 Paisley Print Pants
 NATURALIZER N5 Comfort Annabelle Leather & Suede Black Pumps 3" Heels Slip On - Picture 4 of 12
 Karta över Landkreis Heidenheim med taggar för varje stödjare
------------------------------------------------
Make an exact copy of the material above.

 Paisley Print Pants
 NATURALIZER N5 Comfort Annabelle Leather & Suede Black Pumps 3" Heels Slip On - Picture 4 of 12
 Karta över Landkreis Heidenheim med taggar för varje stödjare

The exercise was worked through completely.